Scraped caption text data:

_ _ _ _

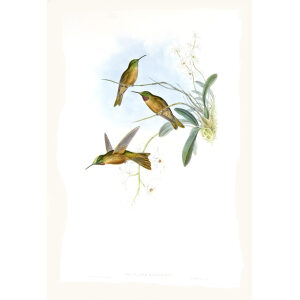 Lilac-throat John Gould Family of Hummingbirds or Trochilidae. Volume 4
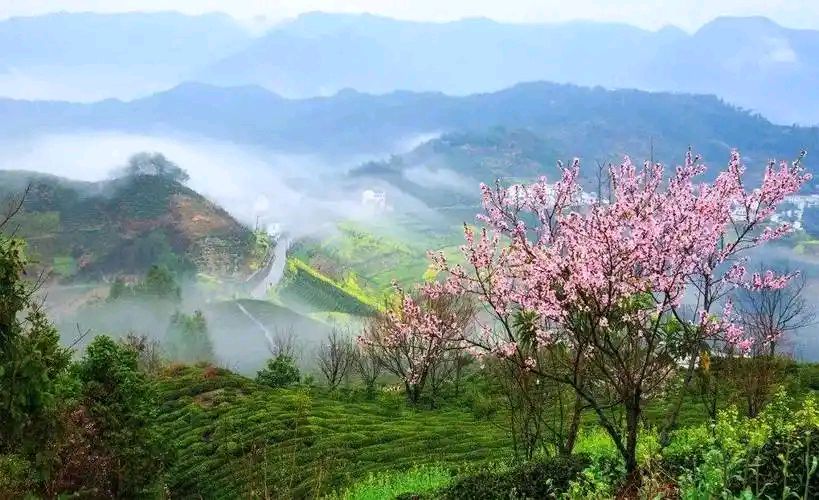 【北京头条】唐子岳诗歌专辑311期（图8）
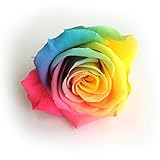 レインボーローズ　1輪　【プリザーブドフラワー】【バラ】【花材】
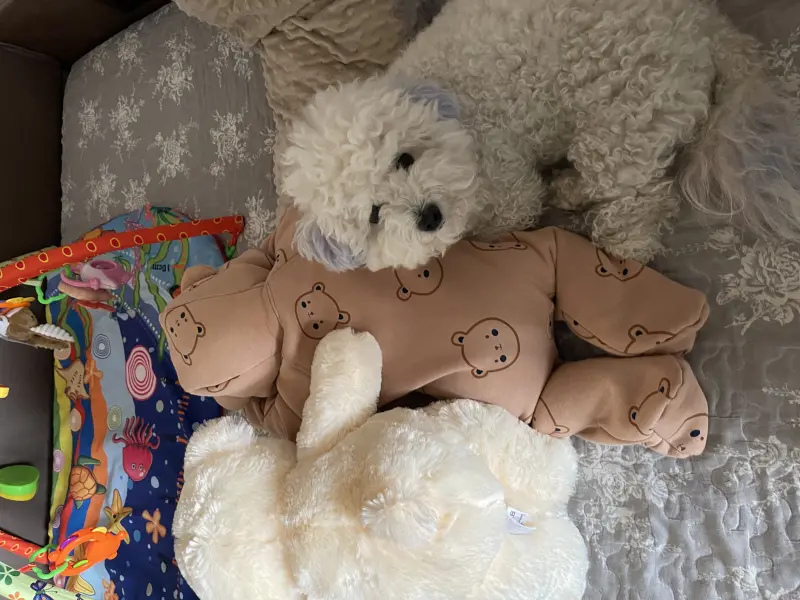 Фото Адель, порода Бішон Фрізе, дівчинка 2,5 року, для фото-відео-рекламних зйомок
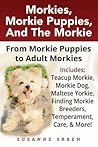 Morkies, Morkie P...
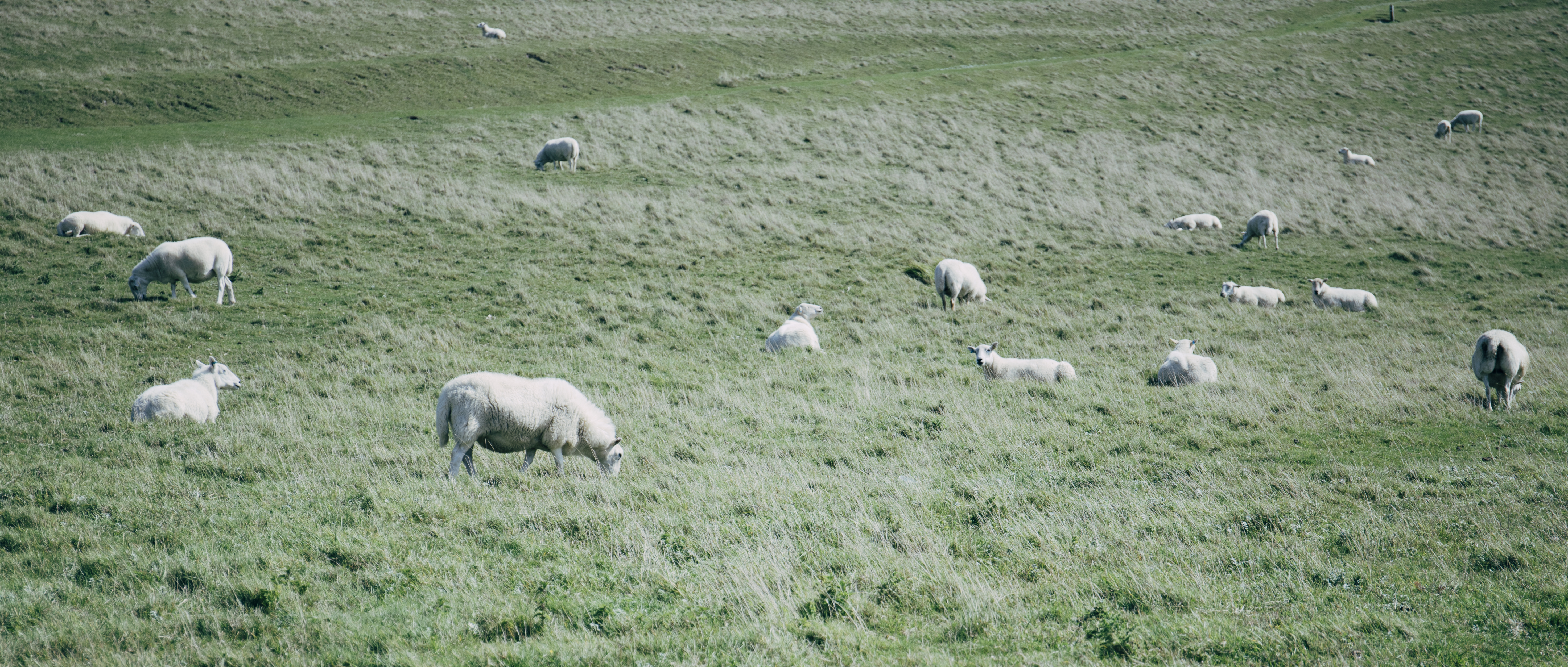 Seven sisters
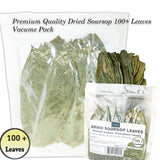 Dried soursop leaves Graviola Leaves Tea - Whole Dried Guanabana Loose Leaf, 100+ Leaves, Caffeine-Free, Vacuum-Sealed Pack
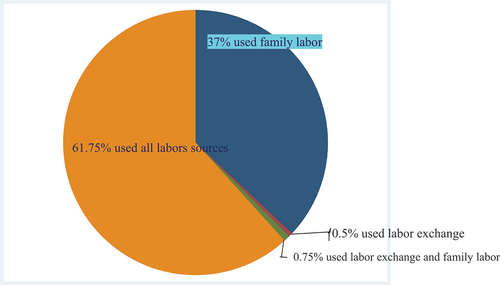 Figure 14. Sources of labor used for Garlic production.Source: Own Sketch, 2021.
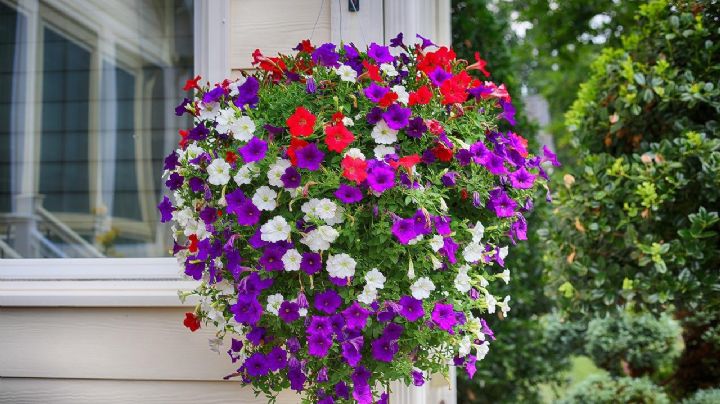 Prepara tus plantas de petunias de cara al inicio de la primavera y disfruta de su bonita floración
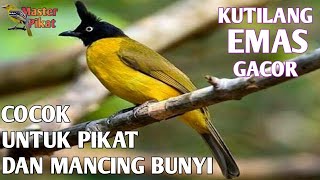 🔴SUARA BURUNG KUTILANG EMAS GACOR  KUTILANG EMAS [upl. by Patt]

_ _ _ _

EXERCISE DIRECTIONS: Your copy should hold exactly the lines from the one with "Dried soursop leaves" through the final line of the records, both ends included, and no pictures.

EXERCISE ANSWER:
 Dried soursop leaves Graviola Leaves Tea - Whole Dried Guanabana Loose Leaf, 100+ Leaves, Caffeine-Free, Vacuum-Sealed Pack
 Figure 14. Sources of labor used for Garlic production.Source: Own Sketch, 2021.
 Prepara tus plantas de petunias de cara al inicio de la primavera y disfruta de su bonita floración
 🔴SUARA BURUNG KUTILANG EMAS GACOR  KUTILANG EMAS [upl. by Patt]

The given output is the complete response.